* **Try it**
Only the lines from the start of the data through the one containing "Kempten: St. Lorenz Basilika und Wochenmarkt" belong in your answer; return them exactly.

Dataset items:
++++++++++

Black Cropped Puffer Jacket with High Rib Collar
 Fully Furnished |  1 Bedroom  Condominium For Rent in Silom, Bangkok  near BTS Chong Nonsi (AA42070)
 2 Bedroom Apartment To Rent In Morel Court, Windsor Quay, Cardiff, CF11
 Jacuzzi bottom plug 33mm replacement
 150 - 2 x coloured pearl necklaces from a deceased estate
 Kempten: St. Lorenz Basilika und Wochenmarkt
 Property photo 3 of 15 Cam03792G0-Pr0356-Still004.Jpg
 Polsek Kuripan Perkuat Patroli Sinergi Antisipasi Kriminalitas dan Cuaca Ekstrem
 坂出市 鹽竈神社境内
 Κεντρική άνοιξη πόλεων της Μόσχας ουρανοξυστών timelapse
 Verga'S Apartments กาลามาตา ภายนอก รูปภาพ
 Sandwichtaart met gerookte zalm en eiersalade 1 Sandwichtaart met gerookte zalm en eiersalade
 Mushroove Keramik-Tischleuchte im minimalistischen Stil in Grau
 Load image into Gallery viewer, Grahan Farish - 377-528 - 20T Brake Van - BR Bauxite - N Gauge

++++++++++

* **Expected answer**
Black Cropped Puffer Jacket with High Rib Collar
 Fully Furnished |  1 Bedroom  Condominium For Rent in Silom, Bangkok  near BTS Chong Nonsi (AA42070)
 2 Bedroom Apartment To Rent In Morel Court, Windsor Quay, Cardiff, CF11
 Jacuzzi bottom plug 33mm replacement
 150 - 2 x coloured pearl necklaces from a deceased estate
 Kempten: St. Lorenz Basilika und Wochenmarkt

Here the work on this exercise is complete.